Migrating a .NET monolith to microservices: what I'd do differently

06 May, 2026 · 03 Mins read

The monolith was a ten-year-old ASP.NET application: order management, billing, catalog, and a sprawling admin module sharing one SQL Server database and one IIS deployment. Releases took a weekend. A bad migration in catalog could lock billing tables. The case for breaking it up was real, but the way we broke it up the first time made things worse before it made them better. Here is what I would do differently.

Extract one bounded context first, end to end

Our first instinct was to draw the whole target architecture on a whiteboard and start carving services in parallel. Three teams, three services, one shared database for “now”. Within two months we had three deployable units that were still coupled at the schema level, plus a new operational surface with none of the original benefits.

The version that actually worked started with billing only. We took the smallest bounded context with the clearest contract, gave it its own schema, and let it own its data behind a thin contract API. Everything else stayed in the monolith. That single extraction taught us more about our real coupling than the whiteboard ever did, and it shipped value because billing was the team that needed independent release cadence the most.

If I were starting again, I would resist the urge to plan more than one extraction at a time. Pick the context with the strongest case for autonomy and prove the seam works in production for a quarter before touching the next one.

Don’t split the database eagerly

The biggest mistake was splitting the database before splitting the code. We thought a clean schema separation would force the boundaries. What it actually did was push every join into application code, mostly poorly, and create a class of bugs that did not exist before: cross-service consistency failures during ordinary deploys.

The order I would follow now is module first, schema second, database third. Use schemas inside the same database as a soft boundary while you stabilize the module’s contract. Only promote to a separate database when you have a real reason: independent scaling, different durability requirements, or a compliance boundary. “It feels cleaner” is not a reason.

Use IdentityServer (Duende) and Aspire from day one

Two pieces of infrastructure earned their place quickly. The first was a real OIDC provider. We standardized on Duende Identity Server, which gave us one place to model clients, scopes, and token lifetimes.

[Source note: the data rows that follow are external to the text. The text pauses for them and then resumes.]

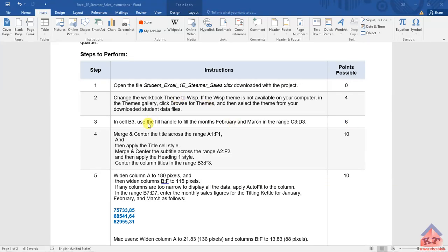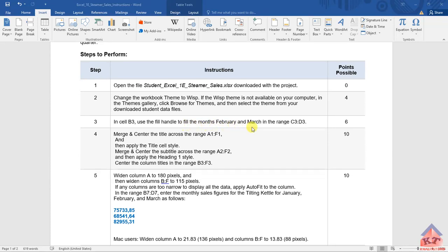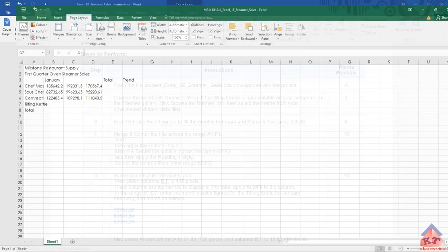Okay, so step number three. The instruction reads as follows: in cell B3, use the fill handle to fill the month February and March in the range C3 to D3. So let us go back to our working document.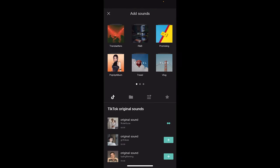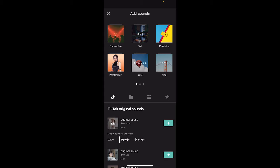Now you're going to see this sound here — 'Original Sound.' You'll see that it has a down arrow, and that means if I click on that, the audio plays. Presto.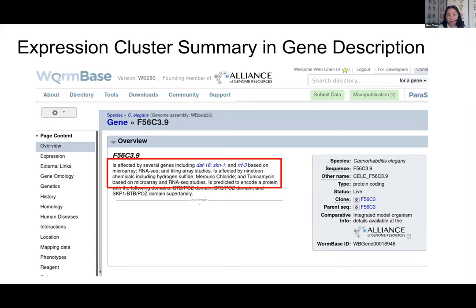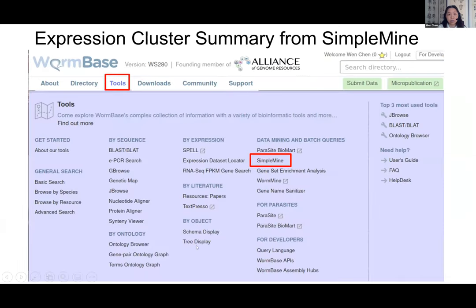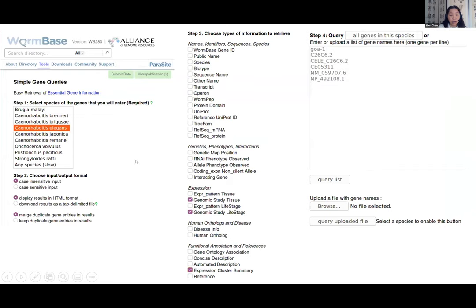Even though NSON5 was rarely studied and no one knew its phenotype or expression pattern, you already know a lot from the expression clusters. For NSON5, there are 66 expression clusters in WS280. There's a short summary on the overview page for each gene, but the overview has a word limit, so you usually don't see the complete summary. To see the full expression cluster summary, use the Simple Mine tool under the Tools menu.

Trying to share authentication cookies across services was the kind of bad idea that looks fine on a Tuesday and breaks on a Friday night.

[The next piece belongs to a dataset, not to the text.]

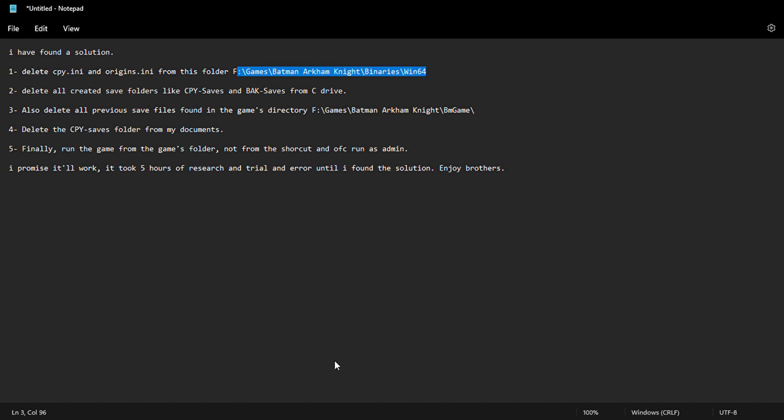to be a CPY and origins file here. I've deleted mine already. You delete it, then you go back.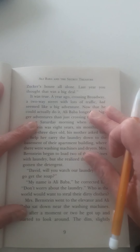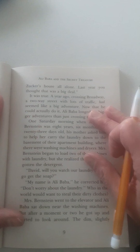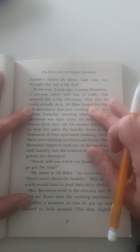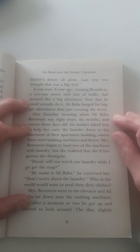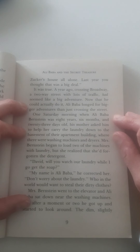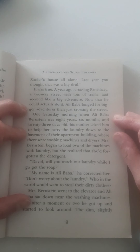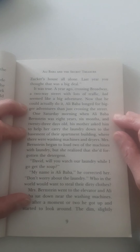"You can walk to Roger Zucker's house all alone. Last year you thought that was a big deal." It was true. A year ago, crossing Broadway — a two-way street with lots of traffic — had seemed like a big adventure. Now that he could actually do it, Alibaba longed for bigger adventures than just crossing the street.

The second was .NET Aspire for the local developer environment. Before Aspire, every new engineer spent a day wiring connection strings, queues, and seed data. With an Aspire AppHost, F5 brought up the relevant services with their dependencies, and resource references were typed. It is a developer-environment tool, not a deployment tool, but it removed a category of friction that had been silently taxing every change.

Treat tracing as load-bearing, not optional

We added OpenTelemetry six months in, after the third incident where nobody could explain a 4-second tail latency. Adding tracing to a system that was not built for it is painful: instrumentation gaps, missing baggage, half-correlated logs.

If I were doing this again, distributed tracing would land in the first service extraction, before the second one. Spans across HTTP and message-broker hops, exemplars on metrics, and a single backend the on-call rotation actually opens. Without it, you are operating microservices on vibes.

Defer the gateway

We stood up an API gateway too early because the diagrams said so. For months it was a routing layer with no auth offload, no rate limiting worth the name, and an extra hop in every request. A gateway is justified the day you have a concrete cross-cutting requirement (centralized auth, throttling, request shaping). Until then, a reverse proxy and a service registry will do.

What I would tell past me

Extract one context, leave the database alone, ship auth and tracing as foundations, and only add gateways and brokers when the pain is concrete. The interesting part of microservices is not the architecture diagram. It is the operational maturity that has to grow underneath it.